Advanced Machine Learning Coupled with Heart-Inter-beat derivatives for Cardiac Arrhythmia Detection
Résumé
This paper presents a novel strategy based on derivatives time series and advanced machine learning for medical decision-support especially for cardiac arrhythmia diagnosis. Most of recent technologies (smartphones, smart watches, etc.) are focusing on a unique source of information extracted from electrocardiography/photoplethysmography (i.e. heat inter-beat (RR) interval time series) coupled with classical pattern recognition methods to build efficient data-driven models. Herein, we demonstrate that the second derivative time series coupled with principal component analysis (PCA) and relevance vector machine (RVM) allow detection of abnormal rhythm.
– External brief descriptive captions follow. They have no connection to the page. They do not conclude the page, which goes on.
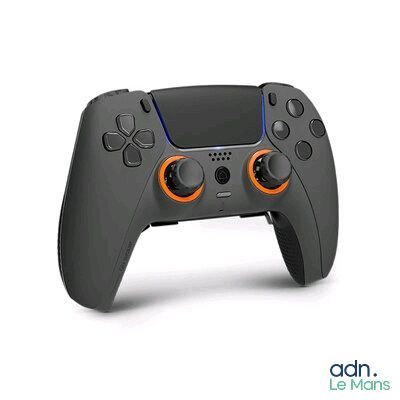 a close up of a game controller on a white surface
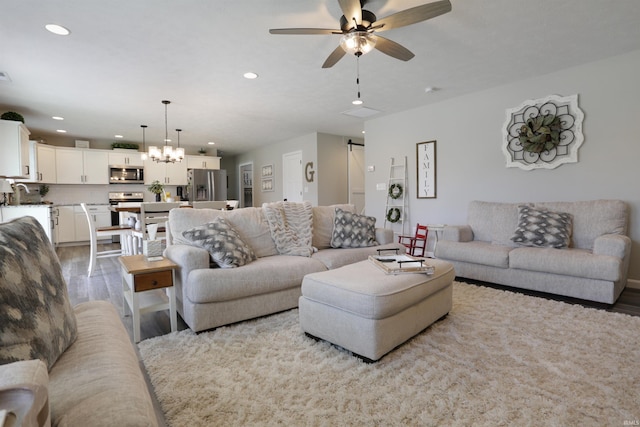606 W Elm St, Haubstadt, IN 47639 - living room featuring wood finished floors, recessed lighting, a ceiling fan, and a chandelier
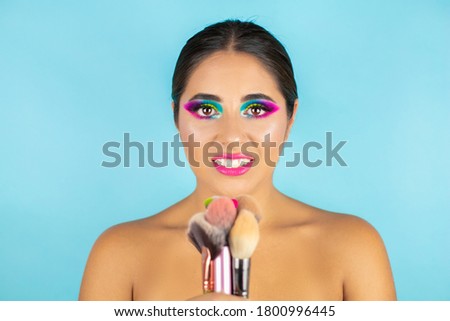 Beauty portrait of female model with vivid makeup and brushes on blue background.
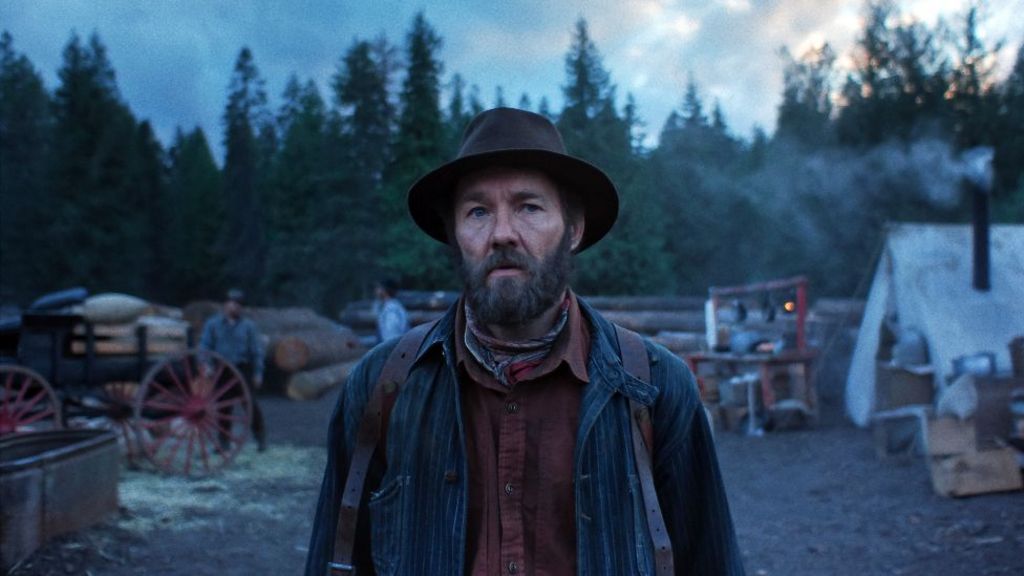 Joel Edgertonin Train Dreams, wearing a hat and looking ahead, with trees in the background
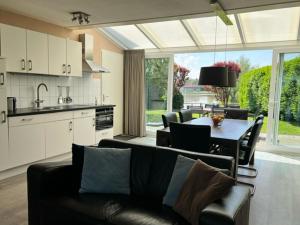 Una sala de estar con un sofá y una mesa y una cocina. en Antibes 236 - Kustpark Village Scaldia, en Hoofdplaat
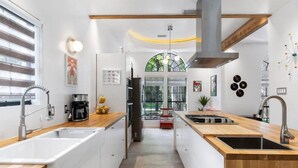 A modern kitchen with white cabinetry, wooden countertops, and stainless steel appliances. There is a large window with a view of greenery outside. - Unique Mid Century Modern in The Woodlands (Spring)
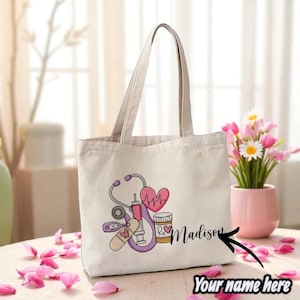Pode incluir: Saco tote creme com um gráfico médico, incluindo um estetoscópio, coração, seringa e frasco de medicamentos. O saco é personalizado com um nome e é adequado para profissionais ou estudantes de medicina.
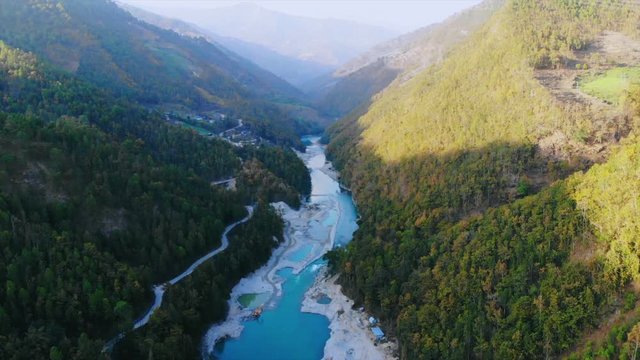 Drone shot of flying between a tight green valley river Tama koshi flowing between them during golden hour with road on the side. Aerial view on the way to Jiri, Dolakha. Developing nation Nepal 2019.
To achieve this aim, four features were extracted from one minute RR time series as well as from their derivatives and were subjected to PCA and RVM. PCA, as explanatory method, has shown that detection of AF arrhythmia became straightforward by targeting the second derivative time series. RVM was optimized through four kernel functions and the best model has reached 99.83% success rate to diagnosis AF and normal rhythm. The proposed approach outperformed several recent studies dealing with automatic AF diagnosis. Therefore, this method, which can be easily embedded in personal monitoring devices for real time cardiac arrhythmia detection, could be adapted for various medical decision-support involving time series recordings.